• _Your goal_:
Print the lines that start the entries and continue through the one holding "He doesn't get", please, exactly and with the pictures omitted.

[Dataset entries]
◇ ◇ ◇ ◇
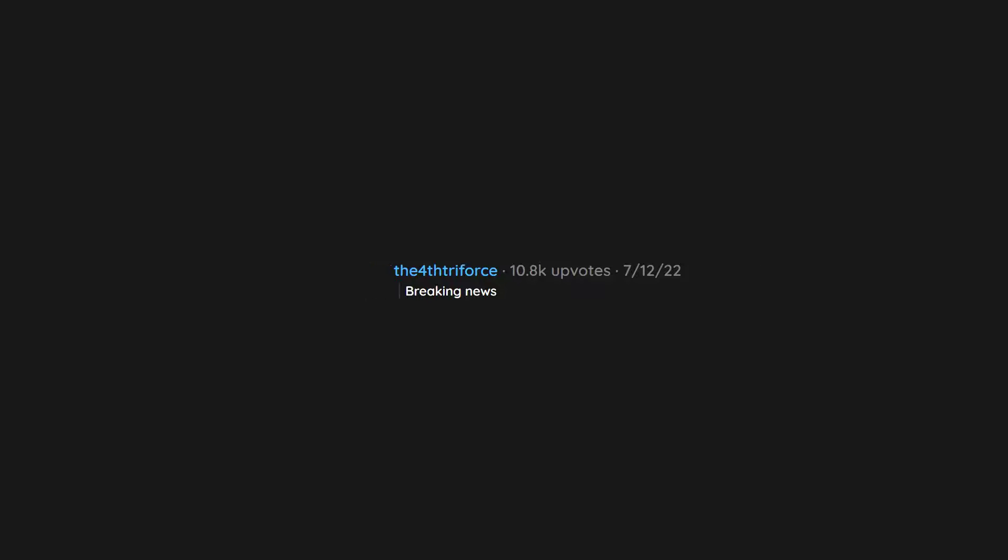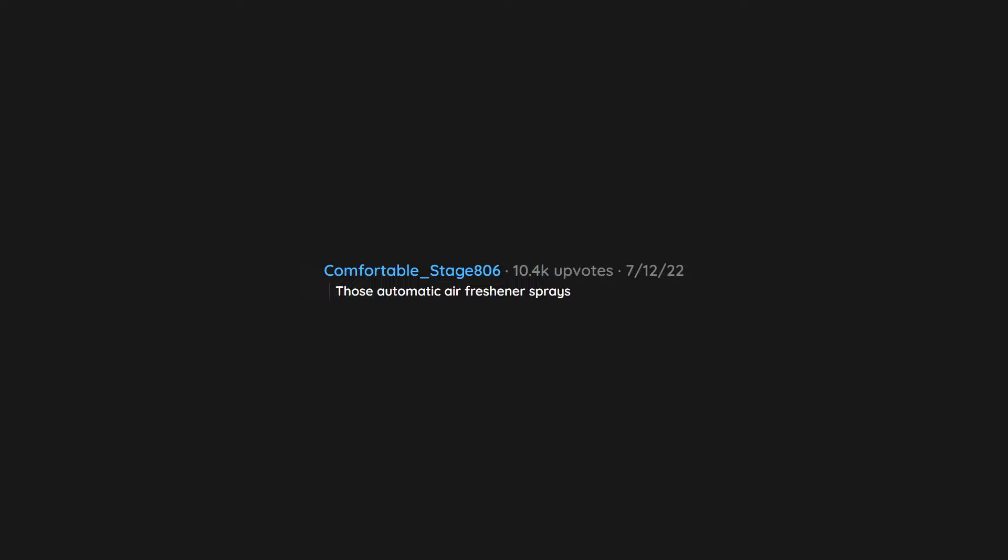Breaking news. Dogs standing at the top of the stairs and barking at something on the main floor. Those automatic air freshener sprays.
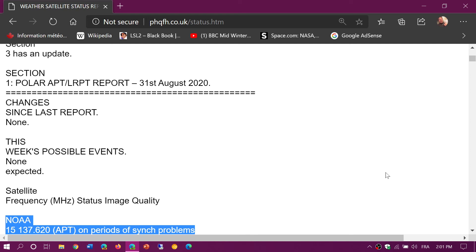So I'll post the link to this page in the description below the video and hope that you enjoy this. So this is for NOAA and low-orbit weather satellite status.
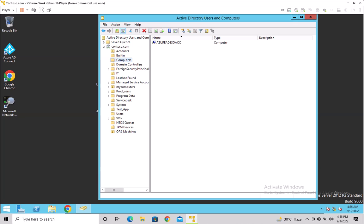We modified the well-known seat, so by default the computers container receives every machine that joins the domain — but you can change it on demand. The disadvantage of the computers container is that you cannot link any Group Policy to it. If you want to apply a policy as soon as a machine is created in the domain, you have to redirect it using the redircmp command.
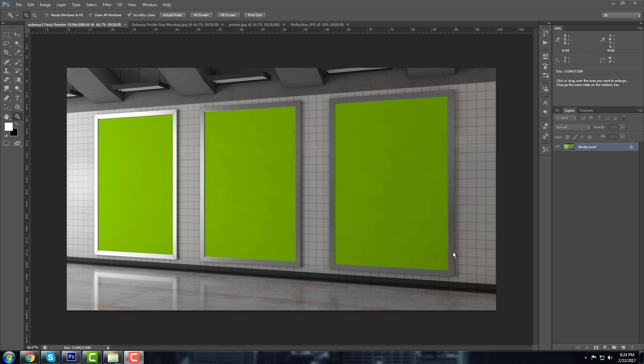Hello guys, on today's video I'm going to show you how to make a mockup. So this is an image that I created in Cinema 4D. It's like a subway station and those are some movie posters.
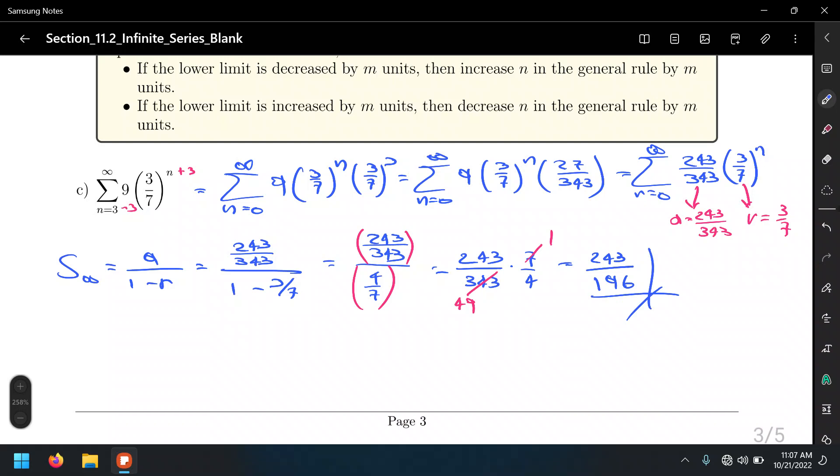Finding the exact value of an infinite sum is only possible for the geometric series — in the convergence case — and the telescoping series. For all other tests we're going to learn, we'll only be determining convergence or divergence.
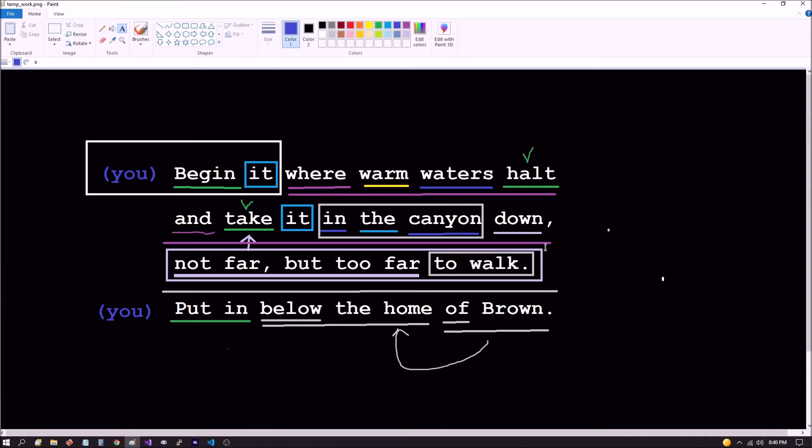He doesn't get into details as to why you can't walk from here. In my solve, it just so happens you can't do it because you would fall to your death trying to get to where the treasure chest is. You're going to reach a point that only the water can go — because it goes over a waterfall. So you can't possibly get there if you followed the creek from where warm waters halted. Instead of even trying to travel into the canyon down, you're going to put in below the home of Brown.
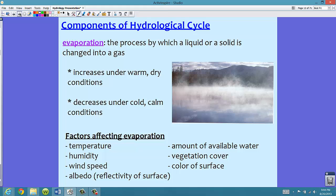Evaporation will increase under warm, dry conditions. Here in Florida we have very humid conditions, so evaporation on very humid days does not happen a lot. Under drier circumstances, like in our dry winter months, we do see more evaporation. Evaporation decreases under cold, calm conditions. In Florida, we see a decrease in evaporation in our summer months because there's a lot of moisture in the air — that's what makes it so humid.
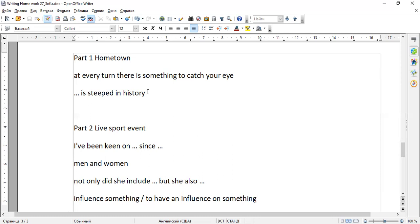Okay. So to influence something, but to have an influence on something. If it's a verb to influence, there is no preposition on after this. Okay.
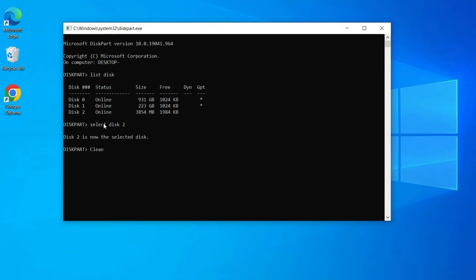Clean all volumes and partitions by typing clean command on USB drive. After that you have to create primary partition by typing create partition primary command. When it is done type exit to close window.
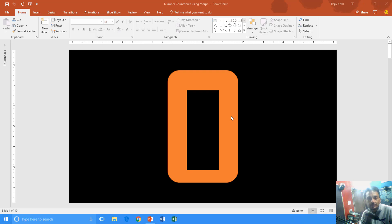Today we are going to make a simple number count animation using the Morph Effect in PowerPoint 2016 and I hope you will like that. Let's first take a look. This is my first video in which I am using Morph Effect for the first time and I have not done much practice with that, and hopefully you will like this tutorial. So let's get started.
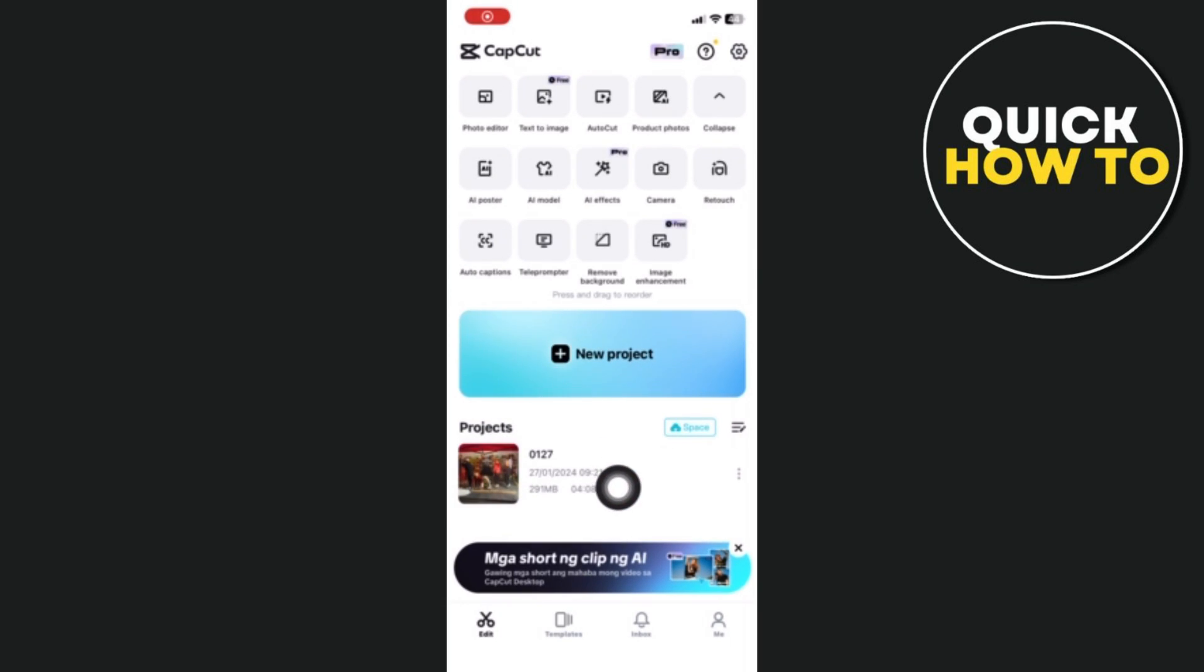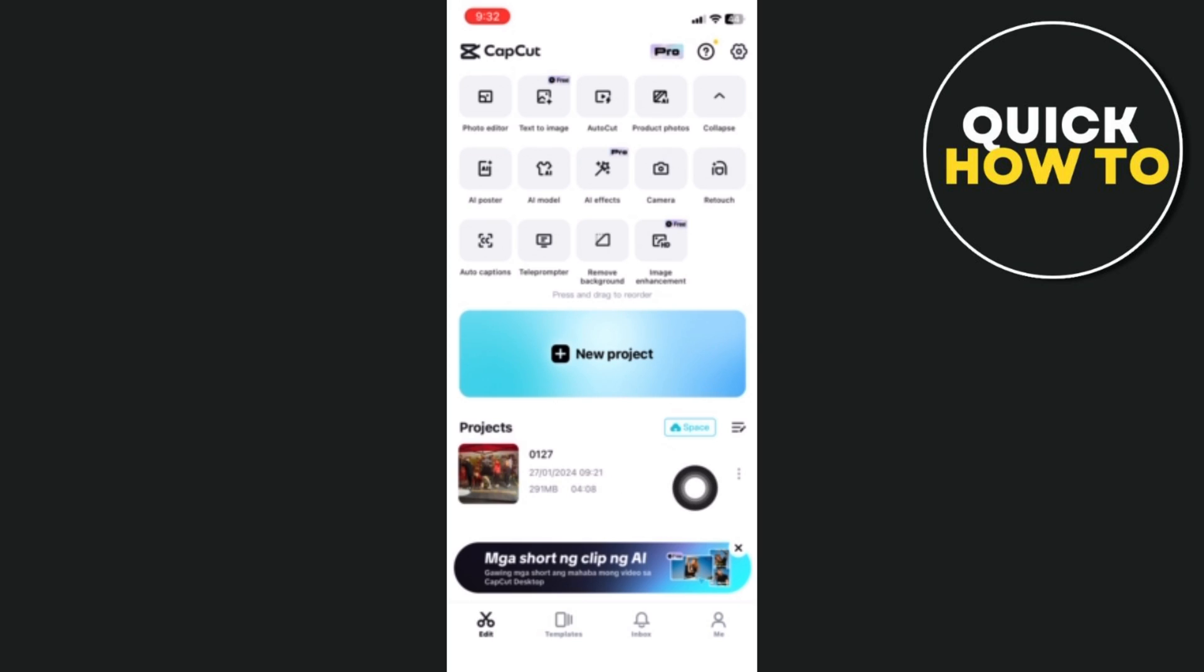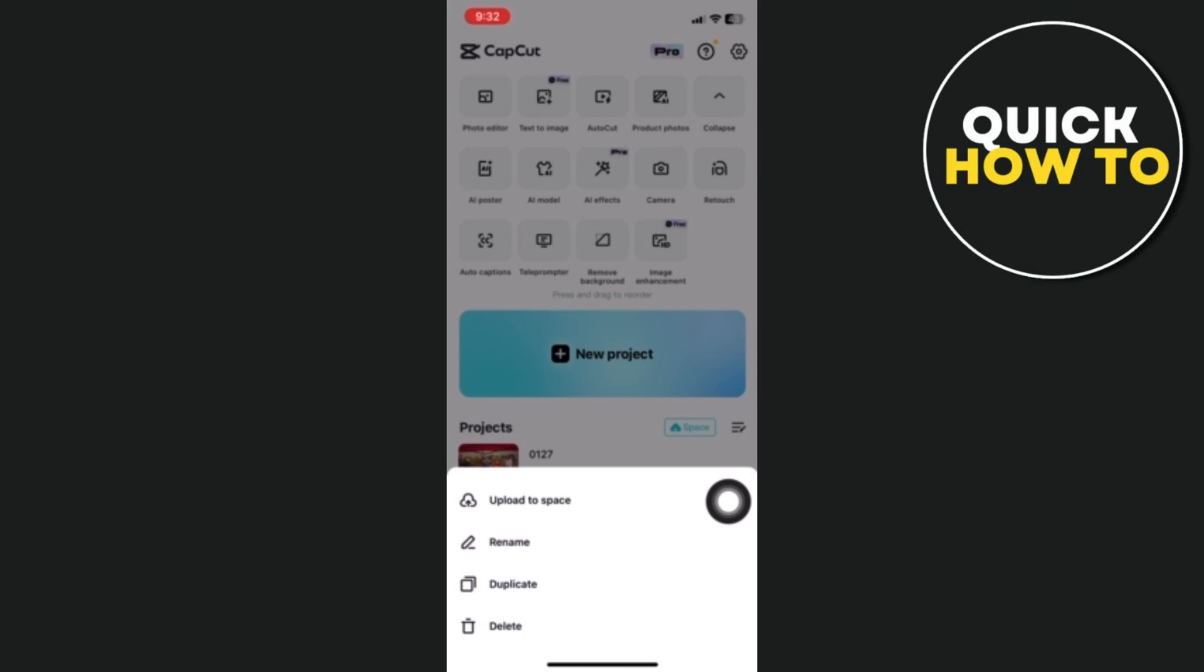For instance, you want to pick this project or video here. Next, we'll try to remove it. All you have to do is tap on the three dots next to the project and tap on delete at the bottom. After that, you can see that the project has been removed.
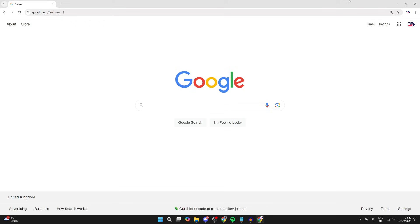First of all, open up the browser you want to do this in and come to google.com. Come to the top right and click on your profile icon.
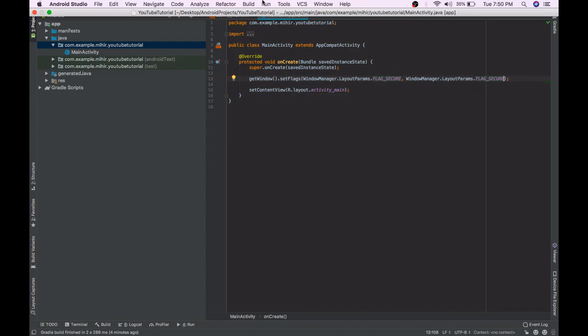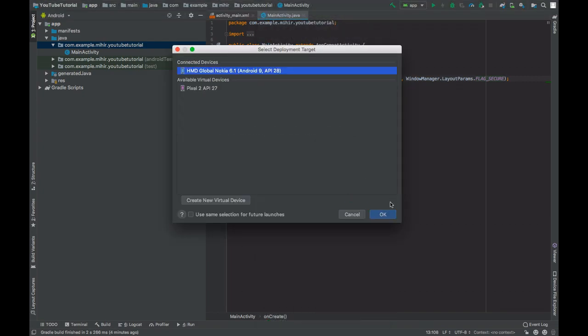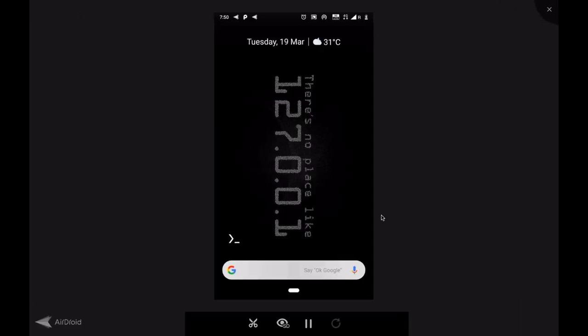Let's run and see what happens. As you can see, casting this Android application through my mobile phone on this laptop is not working. You can just see the black screen. This is because of setting the window flag to secure.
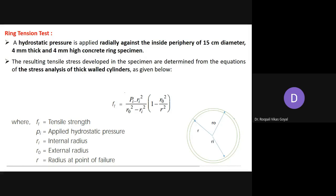Hello students. Up till now we have discussed how to find out the compressive strength and tensile strength of concrete. Today we will discuss other tests which are also useful for finding out the tensile strength of concrete. One of these tests is the ring tension test.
◇ ◇ ◇ ◇
• _Exercise result_:
Breaking news. Dogs standing at the top of the stairs and barking at something on the main floor. Those automatic air freshener sprays.
So I'll post the link to this page in the description below the video and hope that you enjoy this. So this is for NOAA and low-orbit weather satellite status.
We modified the well-known seat, so by default the computers container receives every machine that joins the domain — but you can change it on demand. The disadvantage of the computers container is that you cannot link any Group Policy to it. If you want to apply a policy as soon as a machine is created in the domain, you have to redirect it using the redircmp command.
Hello guys, on today's video I'm going to show you how to make a mockup. So this is an image that I created in Cinema 4D. It's like a subway station and those are some movie posters.
Finding the exact value of an infinite sum is only possible for the geometric series — in the convergence case — and the telescoping series. For all other tests we're going to learn, we'll only be determining convergence or divergence.
He doesn't get into details as to why you can't walk from here. In my solve, it just so happens you can't do it because you would fall to your death trying to get to where the treasure chest is. You're going to reach a point that only the water can go — because it goes over a waterfall. So you can't possibly get there if you followed the creek from where warm waters halted. Instead of even trying to travel into the canyon down, you're going to put in below the home of Brown.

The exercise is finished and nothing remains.